Rock an amplifier-connected guitar lately have you? Then Marshall is your name, rock star! Not satisfied with merely producing rather excellent and famous guitar amplifiers used by both goofy amateurs and solid professionals, the Marshall company branched out into all manner of consumer tech. From smartphones to headphones and Bluetooth speakers, and everything but starships. Its headphone designs and performance parameters though are largely seen as to be dictated chiefly by fashion and style rather than tech and innovation, which limits it considerably, but not necessarily badly. And that seems not to have changed much with its new Marshall Major II Bluetooth, which incidentally are its first wireless headphones, and appear to be simply a wireless and more portable version of its predecessor. And largely patterned and styled after the same, that is to say amped up to the nth. Build quality is so-so, with rubber and plastic the main components, which definitely are not sturdy-looking or confidence-inspiring. The foldable earcups and adjustable headband though do come padded in soft leather for long duration listening comfort.
With no active noise-cancellation feature, the Marshall Major II still managed to isolate noise pretty effectively. On the left earcup, you get a fancy and amazingly multi-functional gold adjustment button that behaves much like a Blackberry trackpad. Nudged in multiple directions or just tapped like a drumstick, its equally good for volume adjustment, rejecting and answering calls and the whole other plethora of playback controls. While the right earcup houses the power/USB pairing button, a 3.5mm jack and a micro-USB charging connection. A 3.5mm guitar-style cable comes provided for wired listening with a single button sitting pretty on it. The cable can additionally be used to connect with friends and their Marshall headphones and send what you are playing pipping into their grateful ears. Inserting the cable though into your device doesn’t automatically power it down or unpair the Marshall Major III Bluetooth. So, beware of unwittingly draining your battery by thinking its off when it isn’t.

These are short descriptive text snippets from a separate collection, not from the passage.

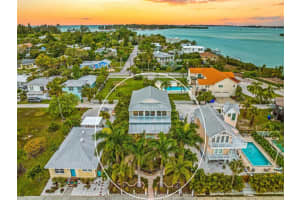 791 Broadway St, Longboat Key, FL 34228, Sold 04/18/22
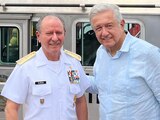 Rafael Ojeda Durán y AMLO en Manzanillo, Colima.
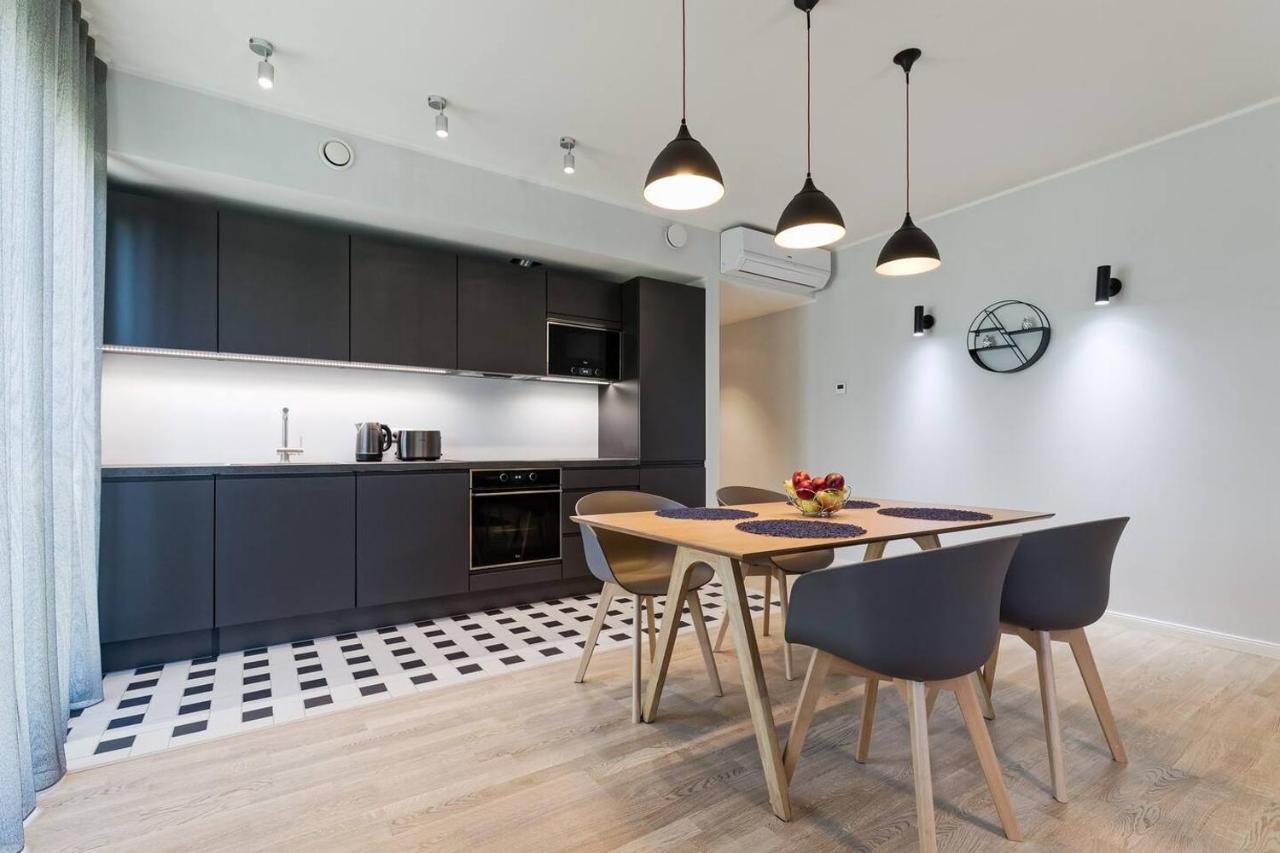 Central Apartments, Quiet With Free Parking And Ac. تالين المظهر الخارجي الصورة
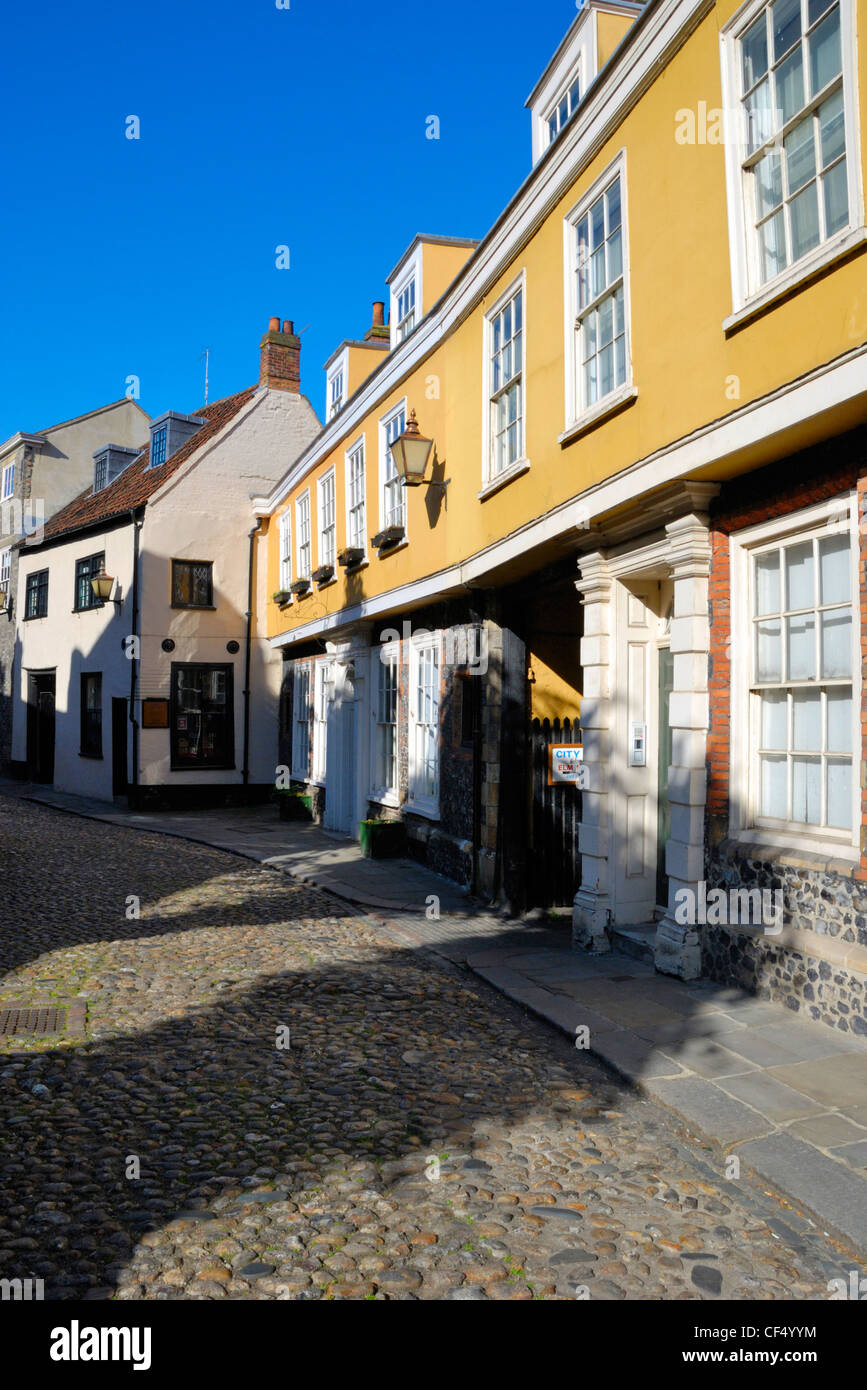 Elm Hill, an historic cobbled lane in Norwich with many buildings dating back to the Tudor period. Stock Photo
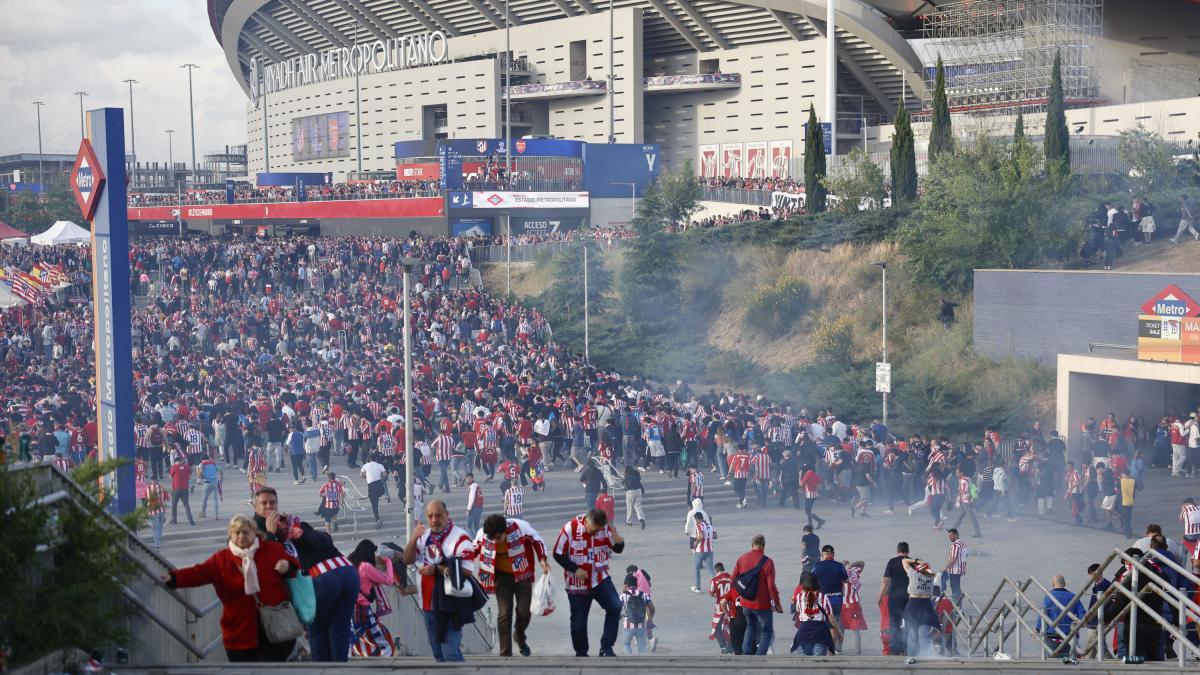 Profundo malestar de la afición del Atlético por la actuación policial en el Metropolitano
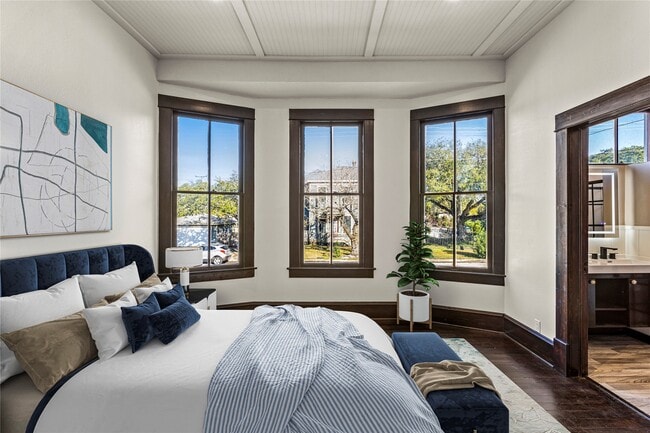 Building Photo - 3902 Bernardo De Galvez Ave Unit B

Sound quality as to be expected has plenty of -thankfully distortion-free- thunderous bass mercilessly slathered on like mustard on rye bread that is guaranteed to make all but non-audiophiles scream in disgust. With all the bass you can get clear as a bell endlessly on tap, the Marshall Major Bluetooth II was fab, especially when we listened to rap. The Bluetooth connection while solid does have an audible hiss sometimes that threatened to ruin the fun. There is some good news though with battery life rated at around 30 hours of bassy fun, depending of course on volume levels and other considerations. And with a charging time of around an hour, which incidentally is better than most competitors and their equally competing offerings.
Price is $150 and pretty much reasonable. While not a stand-out performer, the Marshall Major Bluetooth II still performed reasonably well. Audiophiles can scream, but Bass is where all the fun is at.